> [Listed entries]
--------------------------------
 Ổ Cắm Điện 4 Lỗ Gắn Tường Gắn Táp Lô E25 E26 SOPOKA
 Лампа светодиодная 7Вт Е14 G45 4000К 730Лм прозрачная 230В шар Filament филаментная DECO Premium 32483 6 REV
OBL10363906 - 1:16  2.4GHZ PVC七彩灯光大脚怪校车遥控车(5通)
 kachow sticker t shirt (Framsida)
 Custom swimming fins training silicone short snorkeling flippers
--------------------------------
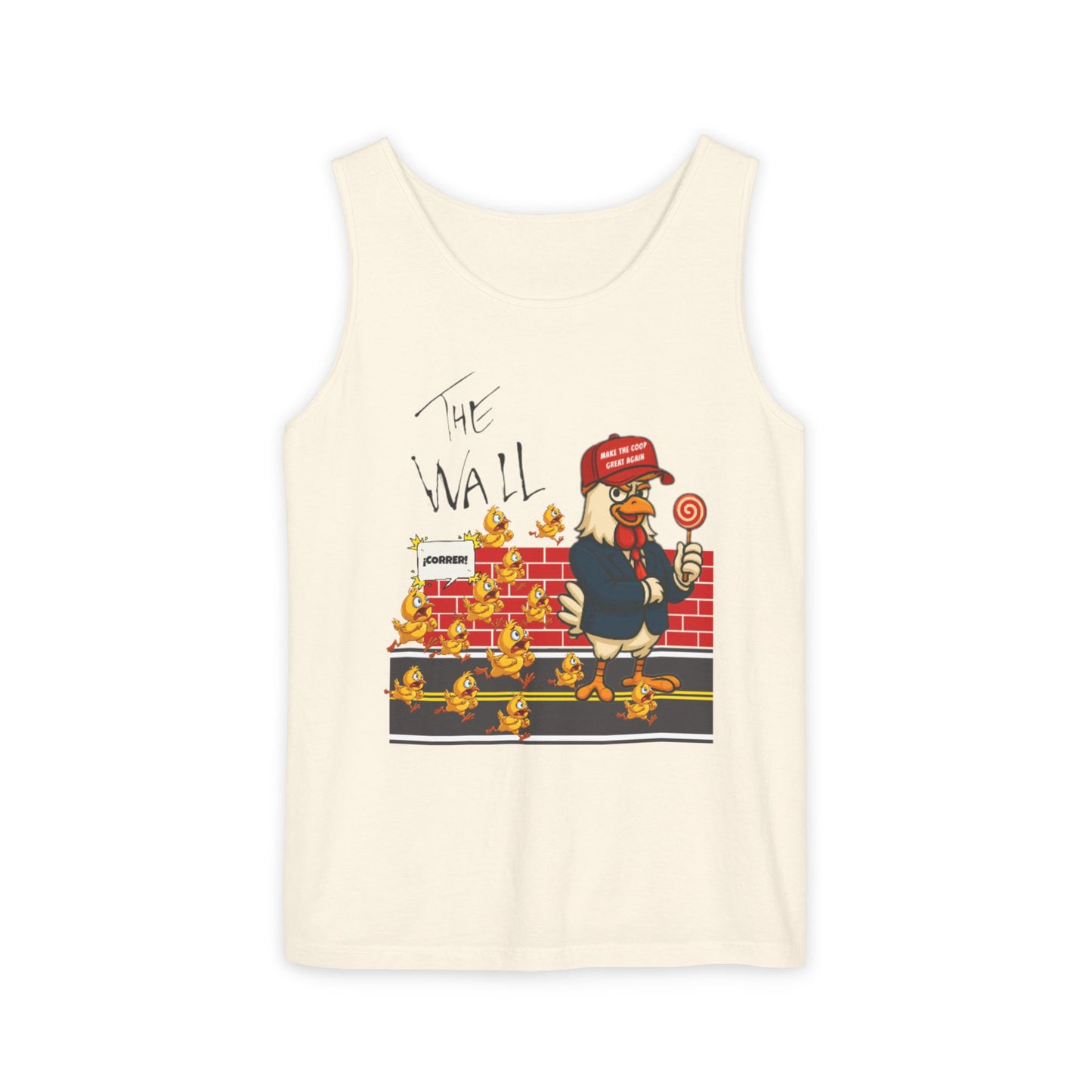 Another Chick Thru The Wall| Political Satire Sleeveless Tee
--------------------------------
Exactly the lines above from the one with "Ổ Cắm Điện 4" to the one with "Custom swimming fins", both included, are to be quoted; leave the rest out.

> [Task output]
 Ổ Cắm Điện 4 Lỗ Gắn Tường Gắn Táp Lô E25 E26 SOPOKA
 Лампа светодиодная 7Вт Е14 G45 4000К 730Лм прозрачная 230В шар Filament филаментная DECO Premium 32483 6 REV
OBL10363906 - 1:16  2.4GHZ PVC七彩灯光大脚怪校车遥控车(5通)
 kachow sticker t shirt (Framsida)
 Custom swimming fins training silicone short snorkeling flippers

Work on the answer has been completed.